That is something we haven’t cooked for several years since we have had trouble to find it. But now we were able to get some really nice cheeks from grass-fed cows, which were even better than we remembered them to be. So tender and loaded with fat.
Beef cheek stew w. celery
- Beef cheeks
- Red onion
- Celery sticks
- Root celery
- Bay leaves
- Green pepper
- Chili powder
- Apple cider vinegar
- Bone broth + water
- Brown the beef cheeks on both sides in a hot saucepan with some cooking fat. Put the cheeks aside.
- Chop all the vegetables in small pieces and add to the pot.
- Place the cheeks back and add bone broth + water until all is covered.
- Add the seasoning and a splash of apple cider vinegar for some acidity.
- Let it boil for about 30 minutes on the stove and than place it in the Wonderbag. Seal tightly and leave for a couple of hours. (Or leave at the stove until the meat is really tender.)

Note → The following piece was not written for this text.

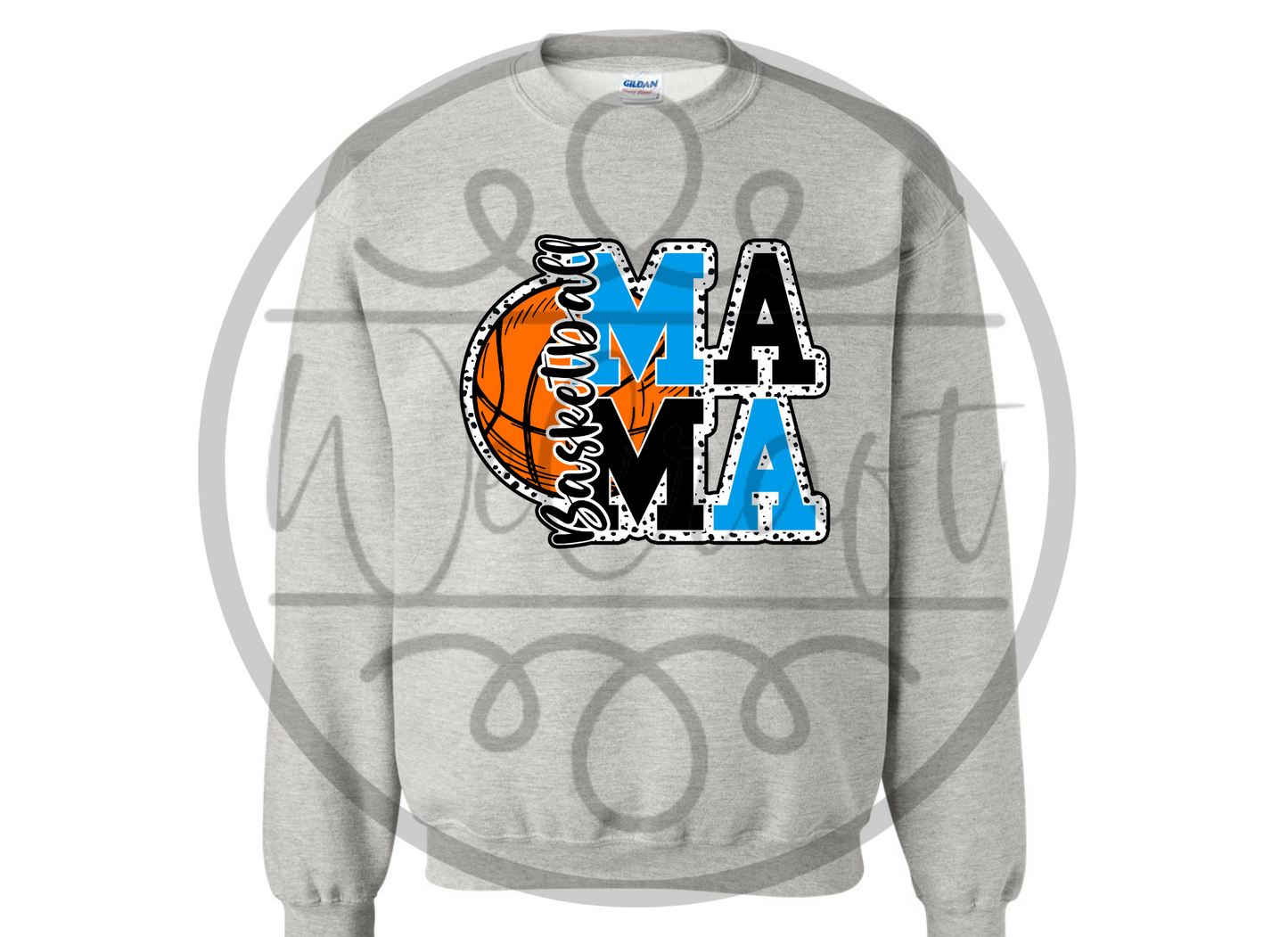 Basketball Mama Crewneck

- When ready, slice the meat and serve with the yummy broth.
The taste of the celery was a really nice complement to the meat and the bay leaves gives such a nice depth of all the flavors.
We had the stew with some steamed carrots and savoy kale and topped with soured cucumber and some greens. Turned out as a great dinner, with a glass of red wine to as well.